War on Iraq, 16 Years On

It is common for people to reflect, in relation to significant historical events, on where they were when they “heard the news.” Pearl Harbor for older generations, and 9/11 in more recent times, are events that assume this significance for many Americans. The one that really sticks with me is the 2003 invasion of Iraq by the United States. The invasion was launched early in the morning on March 20th in Iraq, when it was still evening in California. But I grew up in a house without electricity and television, and so it was over the radio the next morning that news reached my small corner of northern California.

I was a high school student, and that Thursday Foothill High’s junior English classes were bound by bus for the small Oregon town of Ashland to see a Shakespeare play. I think it was Romeo and Juliet, but I can’t be sure. Normally the radio during the bus ride to school was turned to a country music station, but because I had to arrive early for the field trip that day I was in the car with my mother, who left earlier from our small community in the foothills to work in Redding, the big city. The radio offered sporadic news of the invasion in tones of barely-concealed triumph, and my mother stopped at the general store so we could buy a newspaper--the San Francisco Chronicle was the best available in Palo Cedro, the small town where my high school was located.

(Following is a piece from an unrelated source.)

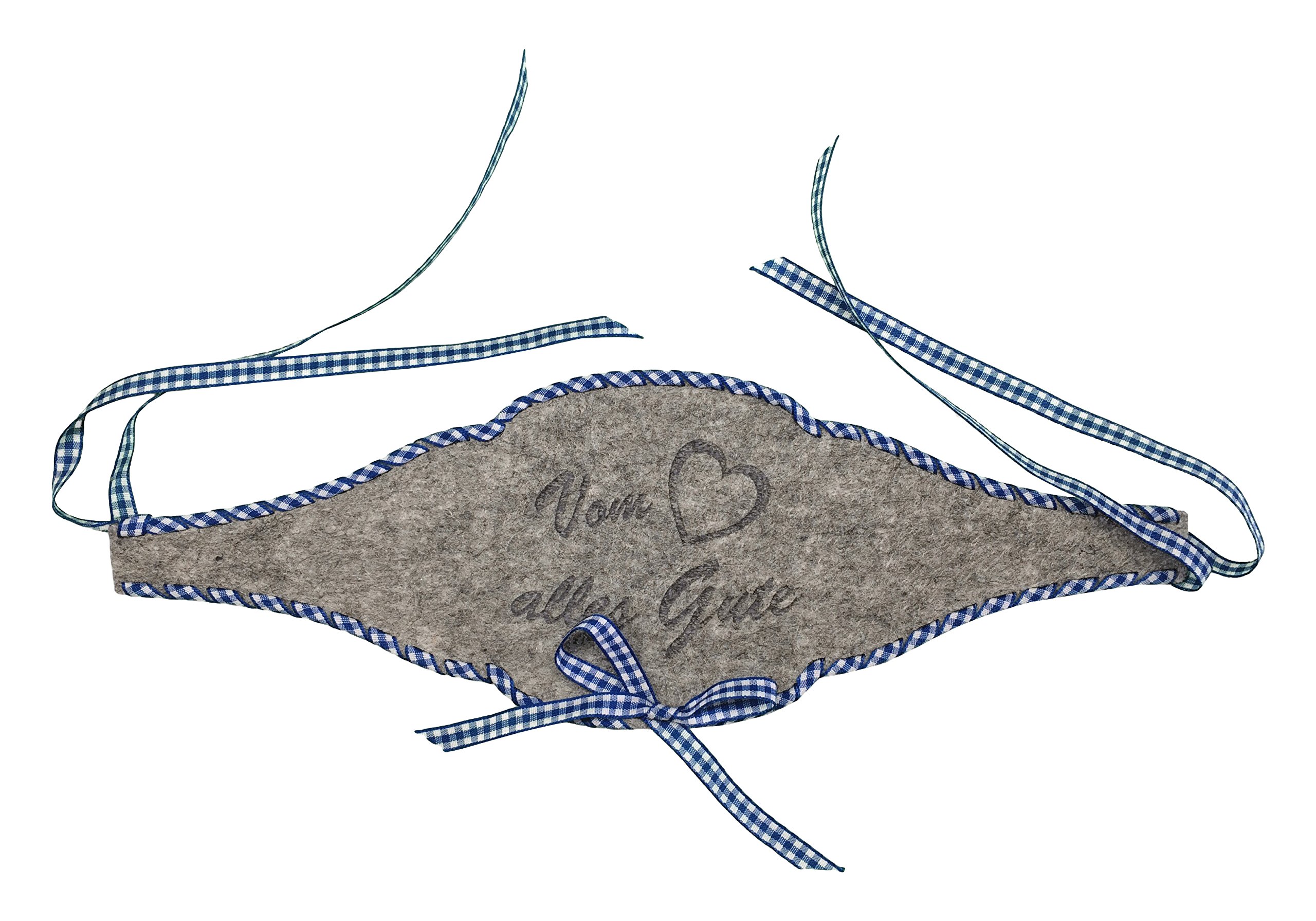 'Petra's Craft News A FBF16 °F8750 Bottle BAND – Vom Herzen Alles Gute, Tee Felt with Dark Blue Chequered Band Comes in, Threaded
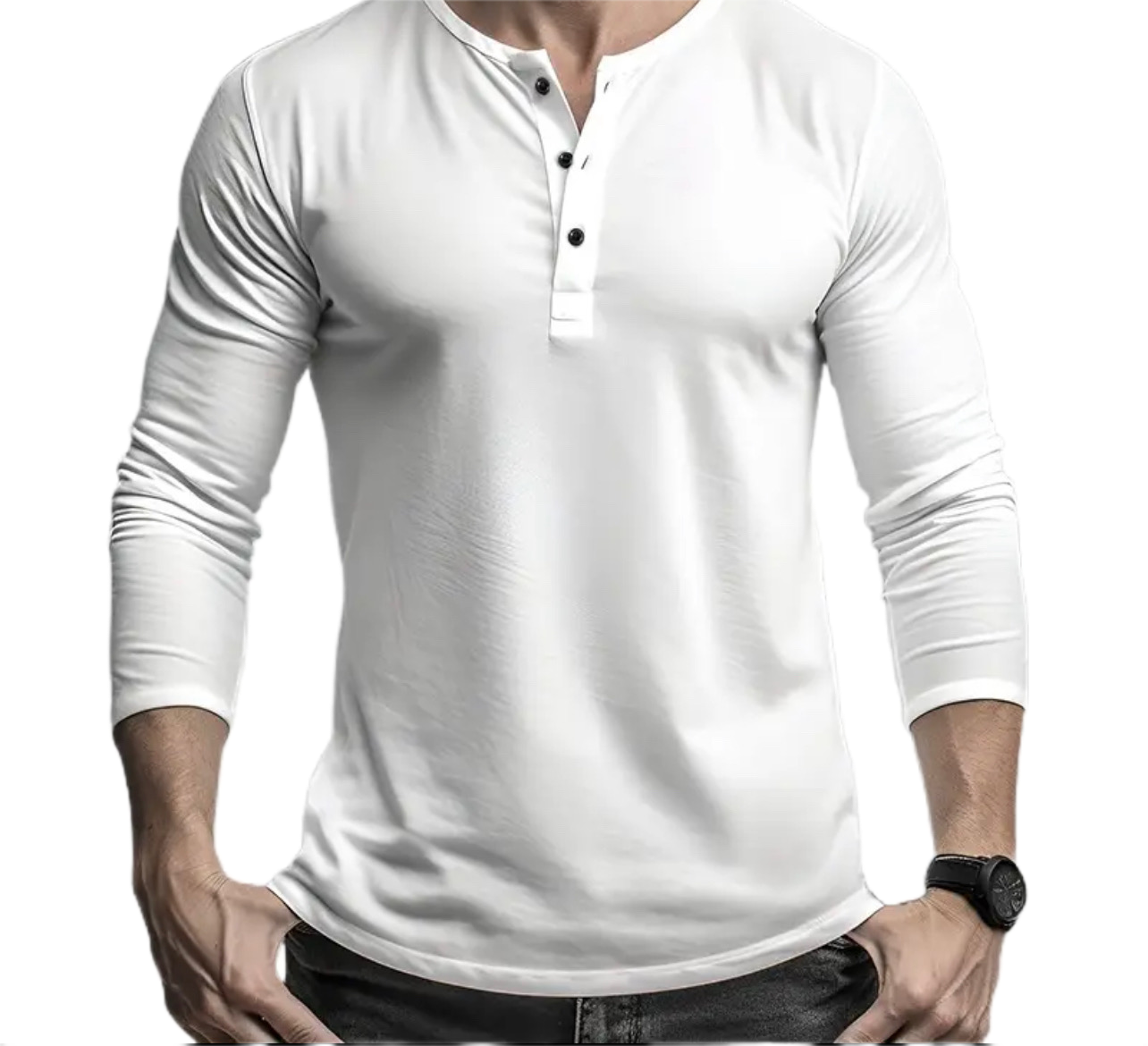 Mens Long Sleeve Henley T-shirt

I got badly motion sick trying to read the paper on the bus north, and so spent the ride staring out the window as rural northern California flashed by. This was Bush country. There were signs in the landscape, some of them very literal. Our local then-state representative, now Congressman Doug LaMalfa, peppered the roads with notices proclaiming his on-the-nose motto, that he was “One of Us!” Though when they said “us” they certainly didn’t mean me.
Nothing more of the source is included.